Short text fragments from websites
....

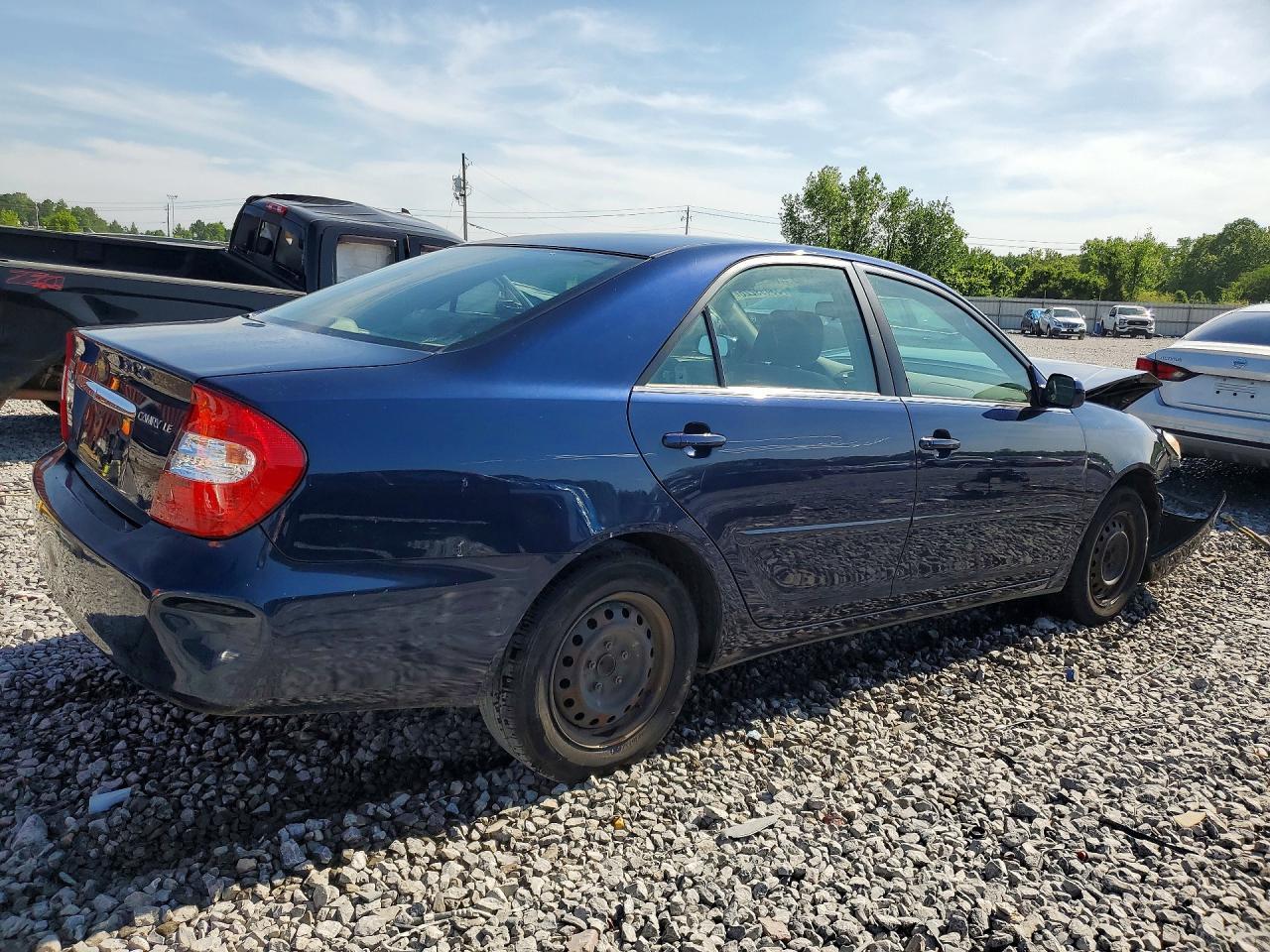 2004 TOYOTA CAMRY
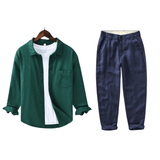 The Seaside Linen Set - Hilltop Nord
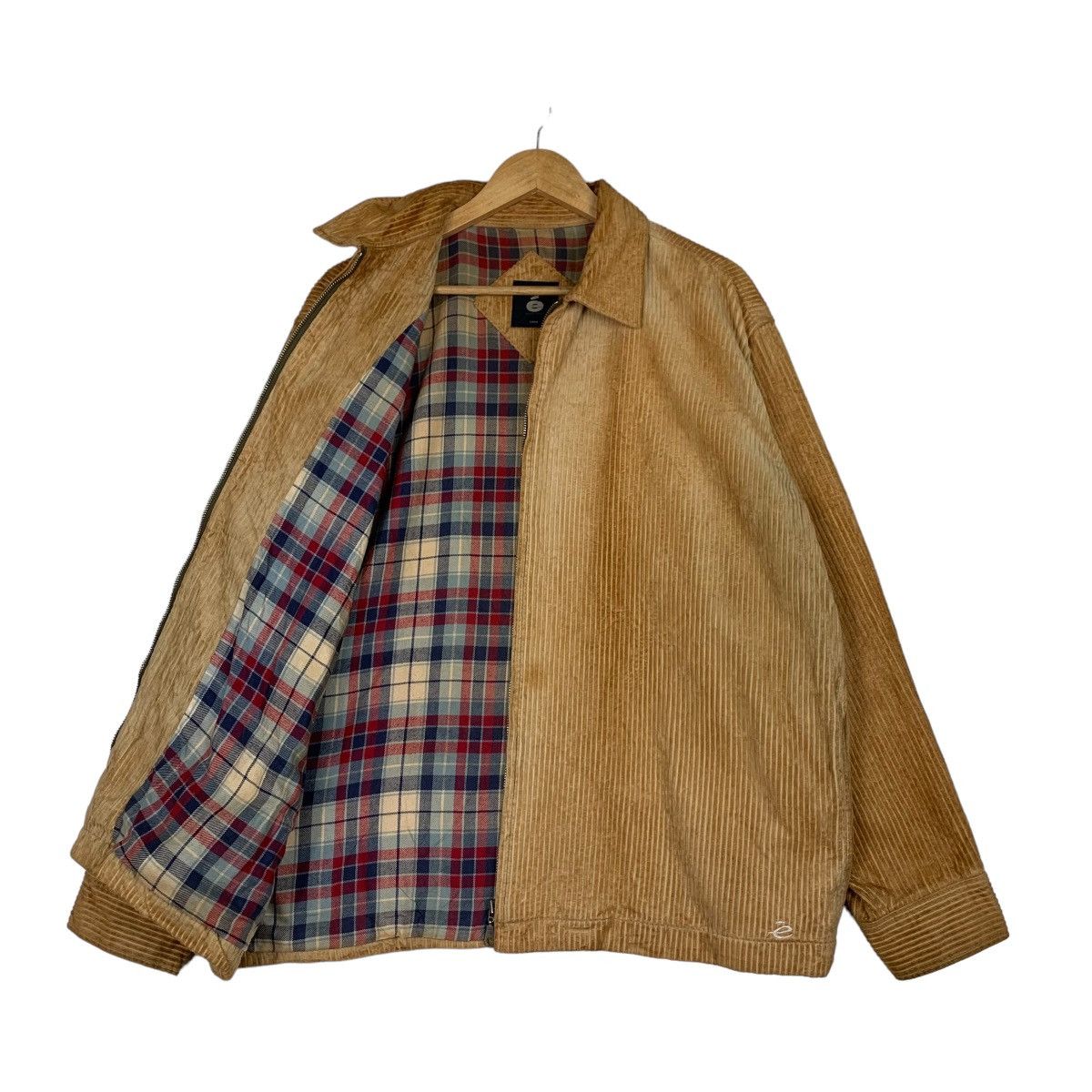 Vintage BOARD WEAR Trashed Rusty Corduroy Jacket #0955-C42 Size US L / EU 52-54 / 3 - 9 Thumbnail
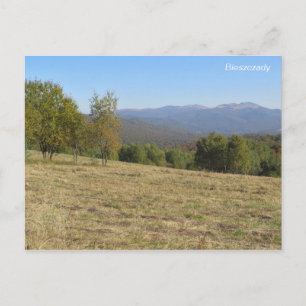 Carte Postale Automne à Bieszczady
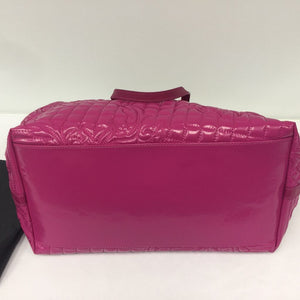 Versace Quilted Pink Handbag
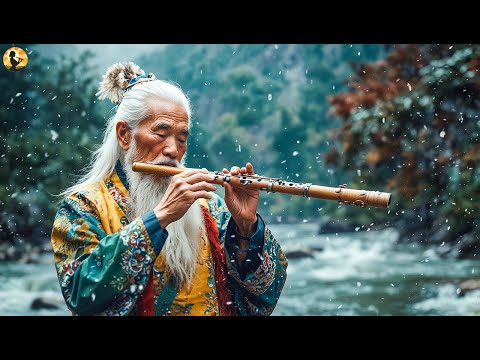 Tibetan Healing Flute | Restore Inner Peace & Balance | Detoxify Your Mind and Soul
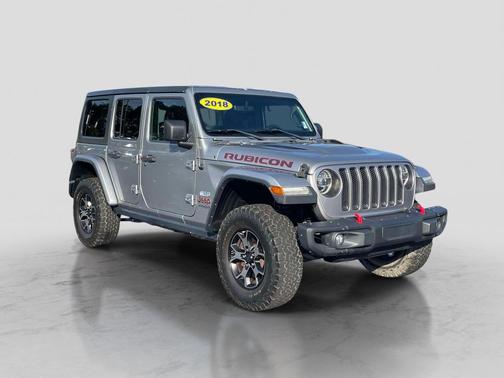 Billet Silver Metallic Clearcoat 2018 Jeep Wrangler Unlimited Rubicon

....

The exact lines from the one containing "Carte Postale Automne à Bieszczady" through the end of the data are to be copied, with both ends kept and pictures left out.

Your solution:
 Carte Postale Automne à Bieszczady
 Versace Quilted Pink Handbag
 Tibetan Healing Flute | Restore Inner Peace & Balance | Detoxify Your Mind and Soul
 Billet Silver Metallic Clearcoat 2018 Jeep Wrangler Unlimited Rubicon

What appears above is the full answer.